Improving the accuracy and realism of Bayesian phylogenetic analyses



Journal Title

Journal ISSN

Volume Title



Central to the study of Life is knowledge both about the underlying relationships among living things and the processes that have molded them into their diverse forms. Phylogenetics provides a powerful toolkit for investigating both aspects. Bayesian phylogenetics has gained much popularity, due to its readily interpretable notion of probability. However, the posterior probability of a phylogeny, as well as any dependent biological inferences, is conditioned on the assumed model of evolution and its priors, necessitating care in model formulation. In Chapter 1, I outline the Bayesian perspective of phylogenetic inference and provide my view on its most outstanding questions. I then present results from three studies that aim to (i) improve the accuracy of Bayesian phylogenetic inference and (ii) assess when the model assumed in a Bayesian analysis is insufficient to produce an accurate phylogenetic estimate. As phylogenetic data sets increase in size, they must also accommodate a greater diversity of underlying evolutionary processes. Partitioned models represent one way of accounting for this heterogeneity. In Chapter 2, I describe a simulation study to investigate whether support for partitioning of empirical data sets represents a real signal of heterogeneity or whether it is merely a statistical artifact. The results suggest that empirical data are extremely heterogeneous. The incorporation of heterogeneity into inferential models is important for accurate phylogenetic inference. Bayesian phylogenetic estimates of branch lengths are often wildly unreasonable.
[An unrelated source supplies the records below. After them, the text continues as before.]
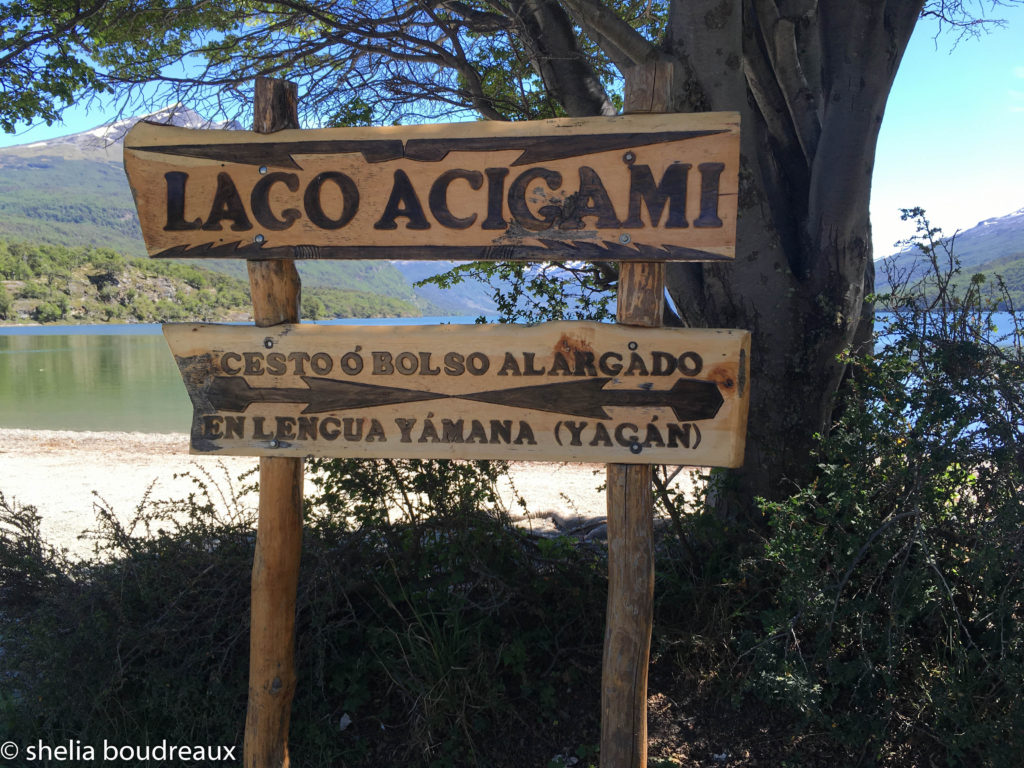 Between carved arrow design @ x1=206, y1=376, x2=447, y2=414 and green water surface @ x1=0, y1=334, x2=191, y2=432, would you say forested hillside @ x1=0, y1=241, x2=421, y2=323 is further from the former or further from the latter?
carved arrow design @ x1=206, y1=376, x2=447, y2=414

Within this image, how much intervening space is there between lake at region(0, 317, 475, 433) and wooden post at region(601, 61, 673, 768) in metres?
4.44

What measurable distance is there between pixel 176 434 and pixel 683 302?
15965mm

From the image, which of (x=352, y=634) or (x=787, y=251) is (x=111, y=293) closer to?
(x=352, y=634)

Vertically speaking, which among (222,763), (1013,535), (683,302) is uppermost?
(683,302)

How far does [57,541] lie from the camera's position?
664cm

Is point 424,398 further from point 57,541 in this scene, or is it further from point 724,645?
point 57,541

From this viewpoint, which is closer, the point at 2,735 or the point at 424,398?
the point at 424,398

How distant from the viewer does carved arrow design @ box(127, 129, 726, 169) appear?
252cm

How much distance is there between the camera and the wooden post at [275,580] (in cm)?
280

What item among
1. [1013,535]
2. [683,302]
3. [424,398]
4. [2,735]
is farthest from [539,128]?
[2,735]

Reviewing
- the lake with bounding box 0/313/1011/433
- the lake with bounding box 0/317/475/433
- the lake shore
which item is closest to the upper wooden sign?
the lake with bounding box 0/313/1011/433

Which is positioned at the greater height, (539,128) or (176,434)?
(539,128)

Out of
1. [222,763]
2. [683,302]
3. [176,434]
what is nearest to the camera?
[222,763]

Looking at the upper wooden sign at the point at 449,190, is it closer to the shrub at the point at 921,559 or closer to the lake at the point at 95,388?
the shrub at the point at 921,559
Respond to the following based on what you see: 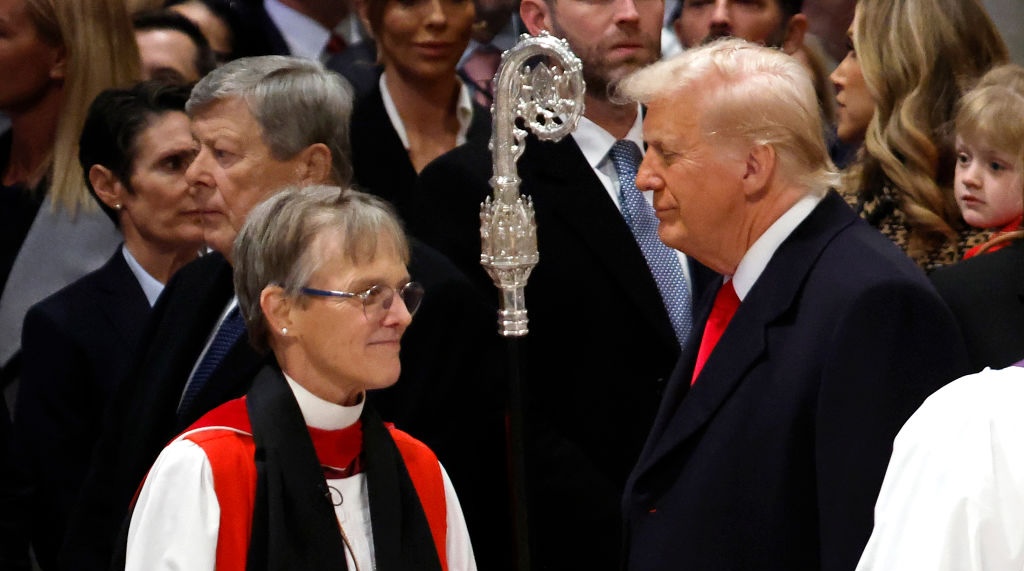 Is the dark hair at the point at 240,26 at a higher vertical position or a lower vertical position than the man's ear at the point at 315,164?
higher

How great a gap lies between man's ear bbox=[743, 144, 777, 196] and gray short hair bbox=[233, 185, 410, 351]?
71 centimetres

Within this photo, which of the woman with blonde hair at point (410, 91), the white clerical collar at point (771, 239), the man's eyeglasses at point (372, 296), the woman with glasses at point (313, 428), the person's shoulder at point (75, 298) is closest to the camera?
the woman with glasses at point (313, 428)

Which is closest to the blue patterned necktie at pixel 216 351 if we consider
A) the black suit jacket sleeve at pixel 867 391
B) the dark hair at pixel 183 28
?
the black suit jacket sleeve at pixel 867 391

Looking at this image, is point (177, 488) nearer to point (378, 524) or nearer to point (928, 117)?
point (378, 524)

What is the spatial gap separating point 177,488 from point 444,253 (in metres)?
Result: 1.33

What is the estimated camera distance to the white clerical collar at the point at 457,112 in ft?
16.1

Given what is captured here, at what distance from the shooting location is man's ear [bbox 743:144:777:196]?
328cm

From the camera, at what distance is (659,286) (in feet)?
13.4

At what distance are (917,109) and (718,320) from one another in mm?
1170

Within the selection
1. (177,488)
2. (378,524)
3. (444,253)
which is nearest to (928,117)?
(444,253)

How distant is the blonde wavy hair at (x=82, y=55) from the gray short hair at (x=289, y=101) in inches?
37.7

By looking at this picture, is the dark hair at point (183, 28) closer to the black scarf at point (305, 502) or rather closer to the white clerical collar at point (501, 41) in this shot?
the white clerical collar at point (501, 41)

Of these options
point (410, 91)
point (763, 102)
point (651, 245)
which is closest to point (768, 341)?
point (763, 102)

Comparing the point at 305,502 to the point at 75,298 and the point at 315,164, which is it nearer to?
the point at 315,164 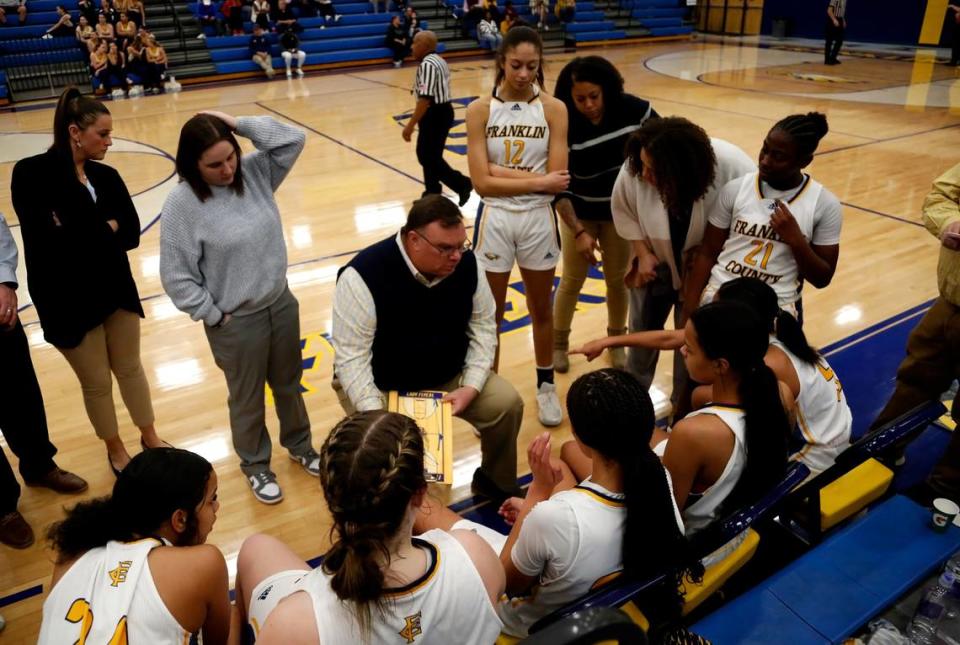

However, branch lengths are important input for many other analyses. In Chapter 3, I study the occurrence of this phenomenon, identify the data sets most likely to be affected, demonstrate the causes of the bias, and suggest several solutions to avoid inaccurate inferences. Phylogeneticists rarely assess absolute fit between an assumed model of evolution and the data being analyzed. While an approach to assessing fit in a Bayesian framework has been proposed, it sometimes performs quite poorly in predicting a model’s phylogenetic utility. In Chapter 4, I propose and evaluate new test statistics for assessing phylogenetic model adequacy, which directly evaluate a model’s phylogenetic performance.